No hay un escritor de novelas policiales tan bueno como Larsson. Su heroína, Lisbeth Salander, rompe todos los estereotipos. Es básicamente poderosa y vulnerable. Niña abusada, hija de una madre abusada que pierde la mente por el abuso. Salander en cambio no pierde la mente: es toda lucidez.

La prosa de Larsson es cristalina y la trama desenvuelve ante nosotros el extraño mundo sueco donde la gente toma doce cafés diarios para poder funcionar.

No sólo la heroína es cien por ciento creíble. Todo el mundo creado es verosímil hasta el dolor y nos atrapa: la corrupción en las altas esferas, en la policía, entre los periodistas y los empresarios, los secretos de estado, la trata de personas, los asesinatos selectivos. Sí: en ese país supuestamente idílico asesinaron a Olof Palme y a una ministra importante y los casos no están resueltos.
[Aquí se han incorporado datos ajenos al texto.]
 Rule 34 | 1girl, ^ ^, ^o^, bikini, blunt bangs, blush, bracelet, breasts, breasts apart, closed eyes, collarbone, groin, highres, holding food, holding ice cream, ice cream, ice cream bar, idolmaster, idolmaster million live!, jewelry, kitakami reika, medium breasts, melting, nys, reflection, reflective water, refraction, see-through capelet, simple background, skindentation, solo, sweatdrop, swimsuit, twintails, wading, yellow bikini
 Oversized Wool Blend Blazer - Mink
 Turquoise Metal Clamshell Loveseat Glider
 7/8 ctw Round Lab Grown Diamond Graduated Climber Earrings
Pero, ¿por qué hablar de Milenio cinco años después de su éxito mundial? Porque su principal mérito es mostrar que muertes y sucesos que ocurren en esferas distantes están unidos entre sí. Y esto no es solamente un asunto de talento, es de osadía. ¿Quién se atrevería, aquí en Costa Rica, tras años de investigación, como lo hiciera Larsson, a escribir una buena novela policial sobre el acoso a los ambientalistas y sus muertes, la venta de órganos, la trata de personas, el narcotráfico, Crucitas, la concesión a San Ramón, las otras concesiones, la refinería china, la trocha 1856, para empezar?

Nadie. Y si alguien lo hiciera probablemente moriría poco después de estrés investigativo o de otra cosa. Como Larsson. Como Jairo. Como María del Mar, David y Óscar y aún otros.